HIGH ON ARRIVAL – 

March 11, 2021 – Phillips, whose parents were both in popular 1960s folk rock band the Mamas & the Papas, described her struggles with addiction after her tumultuous childhood during the annual Conference on Addiction at Utah Valley University on Thursday.

While attending a screening for “American Graffiti,” the early George Lucas film that Phillips acted in when she was 12, Phillips said she learned shocking details of her youth — ones she’d forgotten.

At the time of the screening years after the film’s initial release, Phillips was by then a mother in her 30s. A producer on the film asked her if she remembered when she got off a plane to film the movie, carrying a “fake leather suitcase” and all by herself. “And we said to you, ‘Where’s your guardian? You’re only 12. You can’t be all alone,’” Phillips remembered the filmmaker asking.

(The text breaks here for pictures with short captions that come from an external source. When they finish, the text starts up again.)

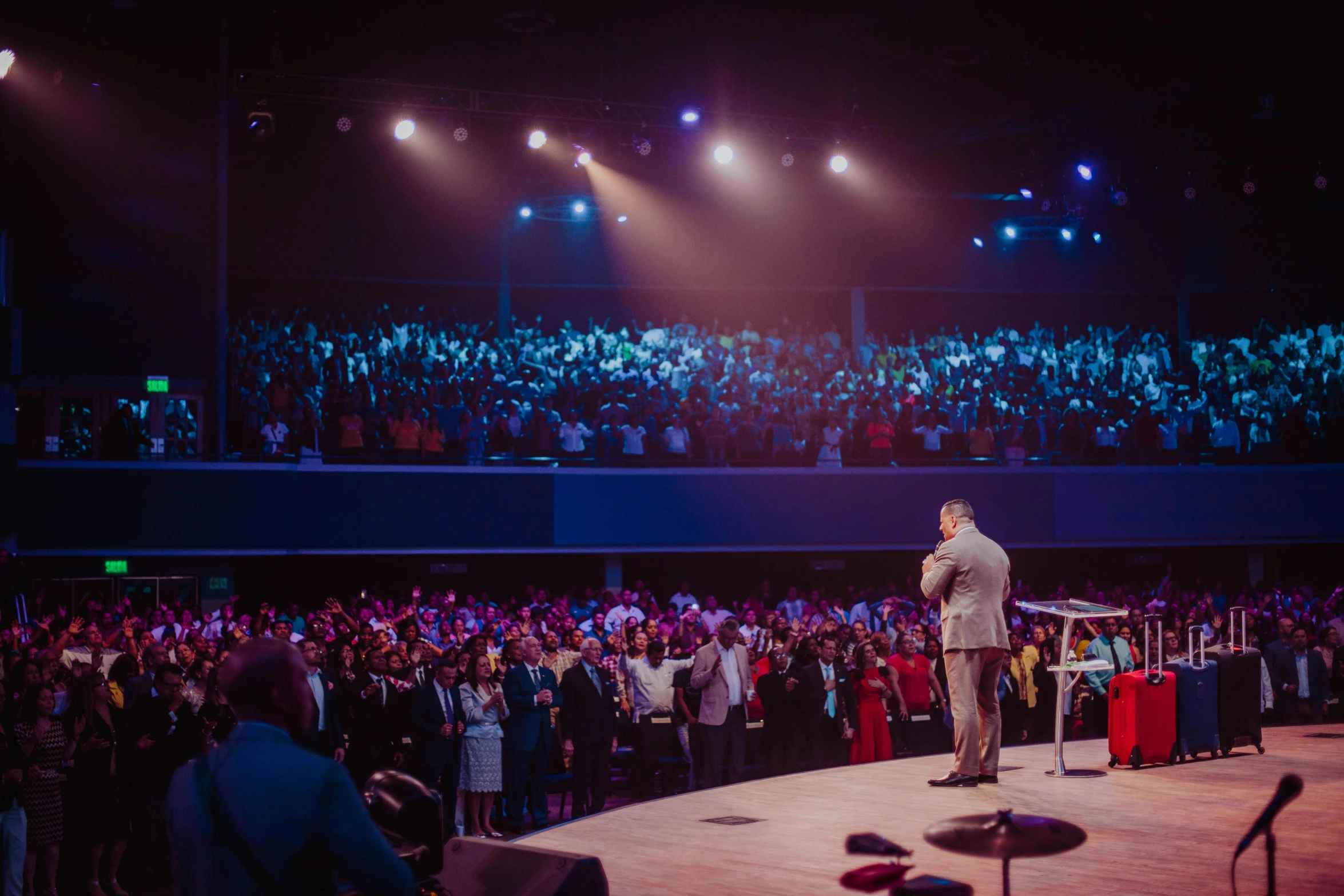 a man in a white suit and crowd behind him is speaking on a stage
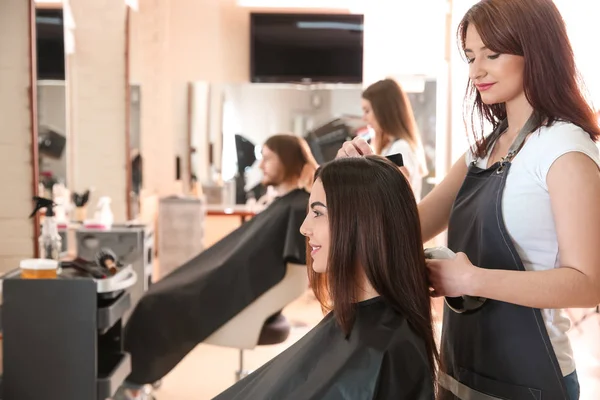 Peluquería femenina trabajando con el cliente en el salón —  Fotos de Stock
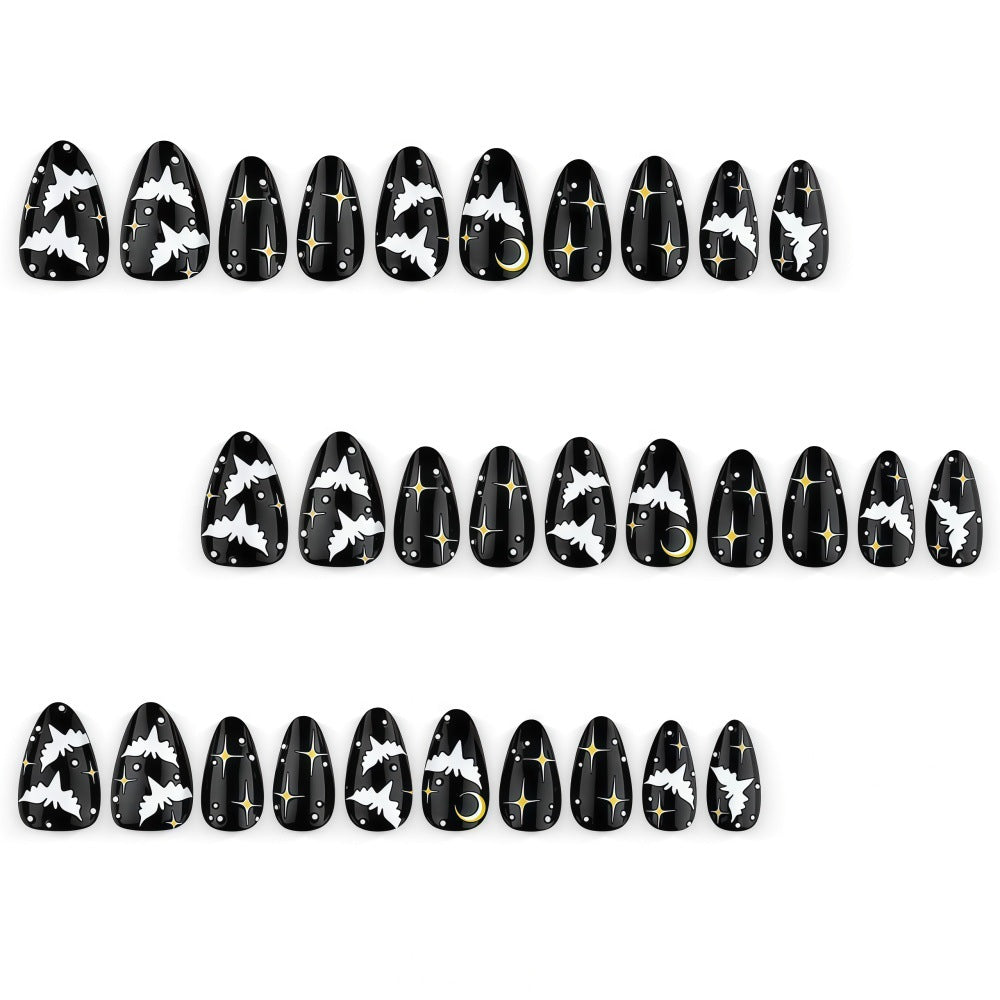 Artificial nails in creative Halloween bat design Stornfield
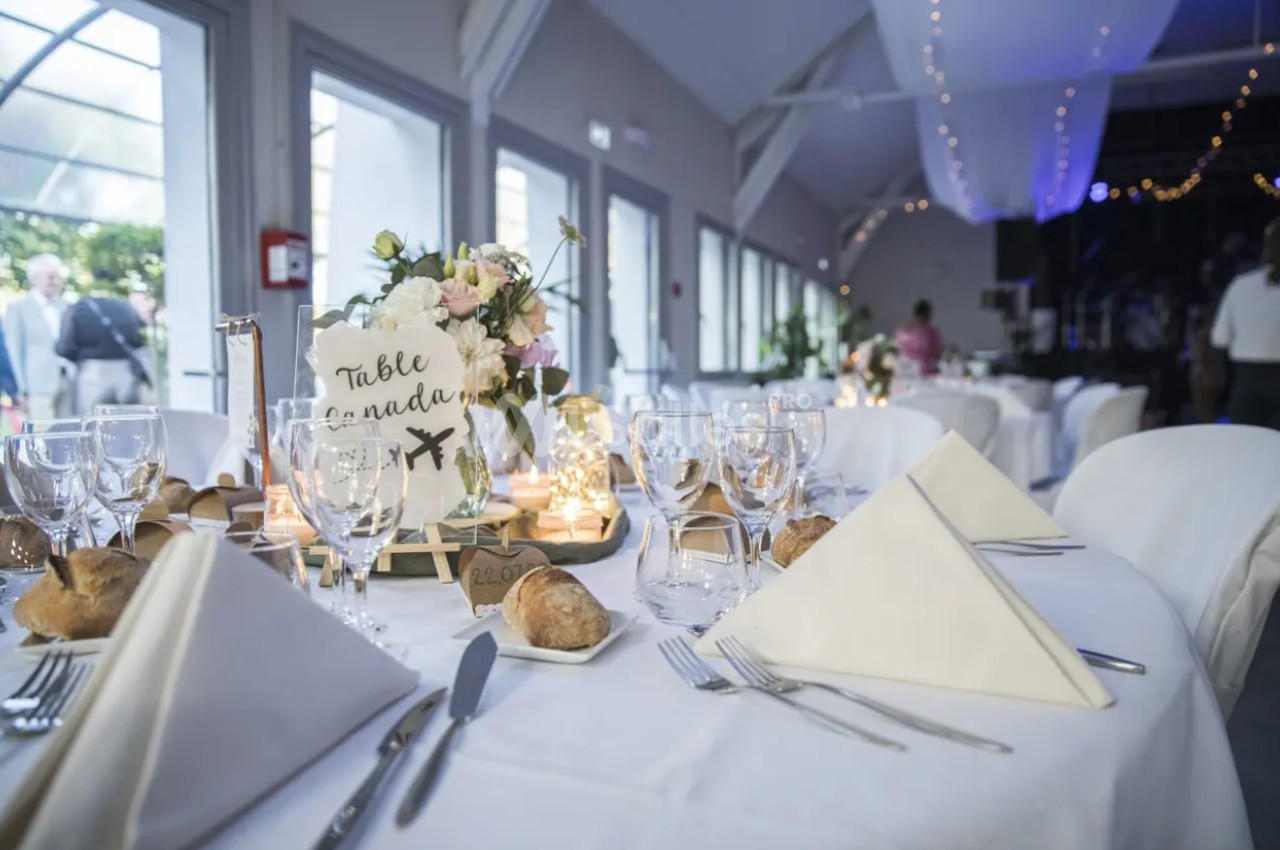 Salle de réception décorée avec des tables dressées, nappes blanches, fleurs, bougies et marque-places élégants.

“And my heart started to pound. My hands started to shake,” Phillips said.

She learned the producer had needed to scramble to become her legal guardian for the duration of the film, and Phillips lived with his family.

“I had literally, absolutely no recollection and I still don’t to this day. I tell you that story because it gives a practical representation of how trauma lives … Trauma survivors don’t necessarily have memories,” Phillips said.

“But I have symptoms that have taken me throughout my whole life. Restlessness, irritability, trouble sleeping. All of these things,” she said.

That was just one example of a childhood with parents who suffered addiction Phillips shared during the conference, which took place virtually this year after being canceled last year due to the pandemic. Phillips appeared in her home in California over videoconferencing.